UMDNJ Brainiac: Natalie Hyppolite
words by Doris Cortes-Delgado / photograph by David Howarth
atalie Hyppolite, a second-year medical student at SOM, is one of three outstanding students who are the first recipients of the Edward J. Ill Excellence in Medicine Scholarship. “I was so surprised and excited. I couldn’t believe it. It was an amazing feeling and experience,” she says.
As a child, she enjoyed watching medical shows, particularly Rescue 911. “The first time I said I wanted to become a doctor, I was in the 4th or 5th grade,” she remembers. “My parents realized how serious I was and did whatever they could to help me.”
Born in Brooklyn, NY, to Haitian parents, Hyppolite lived in Long Island for six years before her father got a job transfer to Cape Canaveral, FL. Her parents enrolled her in Catholic school in the fourth grade. “They were all about the value of education and were willing to make sacrifices to make sure my sister and I got the best possible,” she says.
In high school, she played varsity softball, basketball and volleyball. She attended St. John's University for one year, where she played Division 1 volleyball.

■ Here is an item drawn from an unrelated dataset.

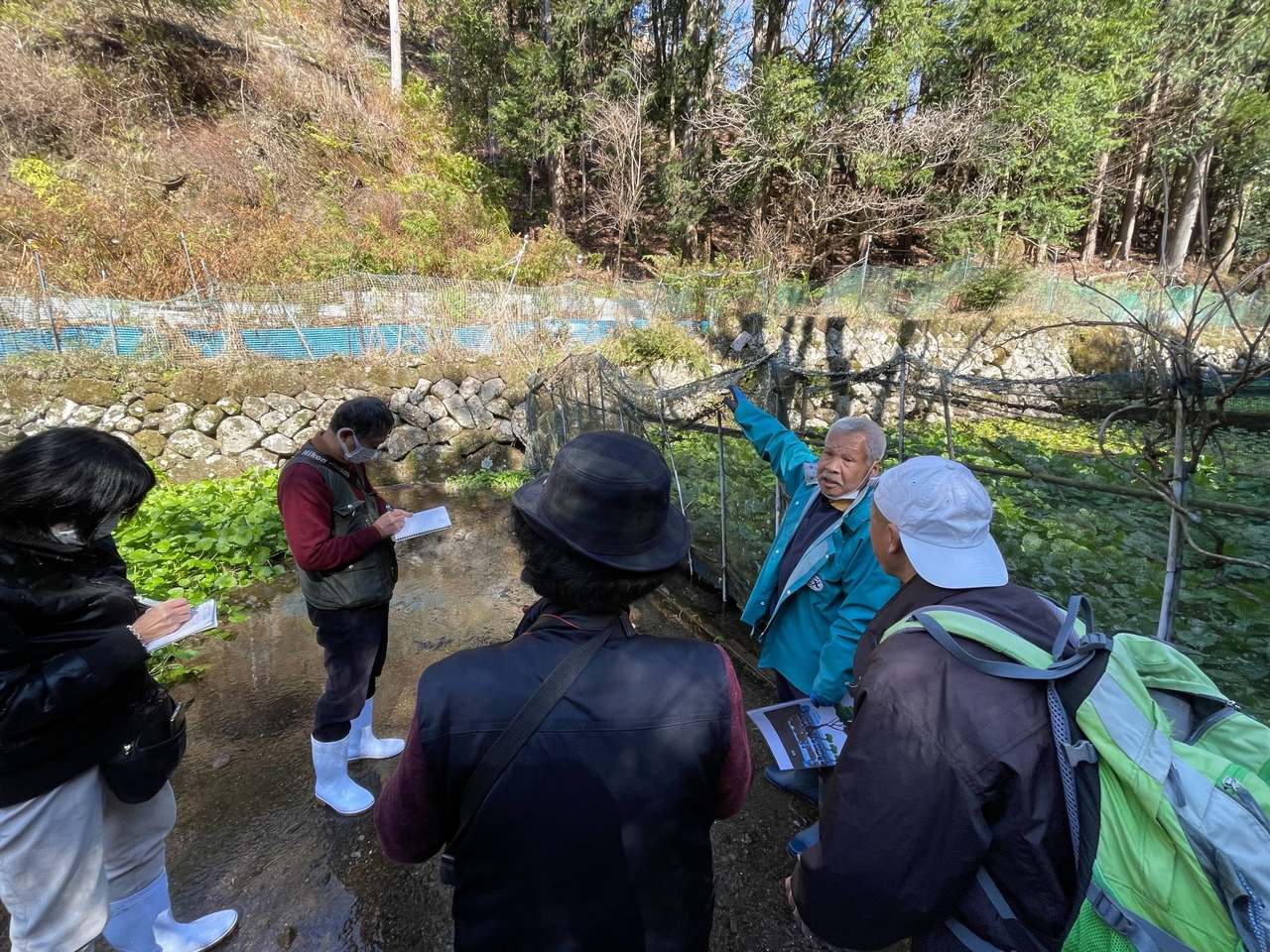 画像に alt 属性が指定されていません。ファイル名: %E6%B1%A0%E4%BB%A3%E3%82%8F%E3%81%95%E3%81%B3%E3%82%B8%E3%82%AA%E3%83%84%E3%82%A2%E3%83%BC.jpg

Because of the high cost of living in New York, she transferred to the University of North Florida in Jacksonville, where the Florida Bright Future Scholarship paid 100 percent of her tuition.
Hyppolite learned about SOM from a cousin who graduated from there in 2005. First, she earned a master’s degree in biomedical science at GSBS in Stratford. Then, while applying to medical schools, she worked full-time in a trauma center in Nyack, NY, where she still works per diem. “I enjoy the pace and people there,” she states. “I do rotations with the physicians, helping with securing information for their charts and other indirect aspects of patient management.”
At the medical school, she serves as class officer and is one of two Honor Code representatives, helping to deal with issues that may arise related to professionalism, ethics and the student handbook. Hyppolite is also president of the Student National Medical Association. On January 22, she helped coordinate a conference for the NJ/NY Minority Association of Premedical Students, which attracted more than 120 participants. “The purpose of the organization is to increase diversity in medicine and also push for more community service to help the underserved,” she explains.
She is thankful for the many people who have helped her along the way, particularly Judith Lighfoot, DO, a volunteer clinical professor at SOM and infectious disease specialist in Voorhees, who rearranged her schedule to accompany Hyppolite to the scholarship awards dinner when her parents could not be there. “She is a wonderful person. If I become a quarter of the doctor she is, I know I will be just fine,” she comments.
Hyppolite especially loves community service and working with children. “I feel my calling is to serve underserved populations. It’s what I am passionate about,” she states. She has participated in several community projects, including a health fair in Salem County, and Project R.E.A.C.H. (revitalizing education and advancing Camden Health), a medical student initiative to benefit 7th and 8th graders at East Camden Middle School.
“I love working with kids. They are so eager to learn no matter how difficult their circumstances are,” she states.
This past summer, she did an internship at the South Jersey Family Medical Center in Hammonton, helping the Center to reach out to the Haitian migrant farm workers.
With her busy schedule, she finds time to play sports and do Bikram yoga. “Plus, I love to cook and eat. I am a major foodie,” she laughs.
Hyppolite dreams about creating a community health-based business model that can be applied to both rural and urban underserved areas, to boost health as well as their economy. She is especially interested in community sustainable living and gardening. “Maybe I’ll open up a restaurant, since I love the whole foodie thing. The kids from the community can come in and do mini-internships after school to keep them off the streets and give them a trade.”
Hyppolite concludes: “My medical school experience has been really amazing so far in ways I didn’t even expect. I came in thinking, ‘Yeah, I am going to be a doctor and I am going to get my education,’ but all these extra things are like Christmas presents. I couldn't be any happier.”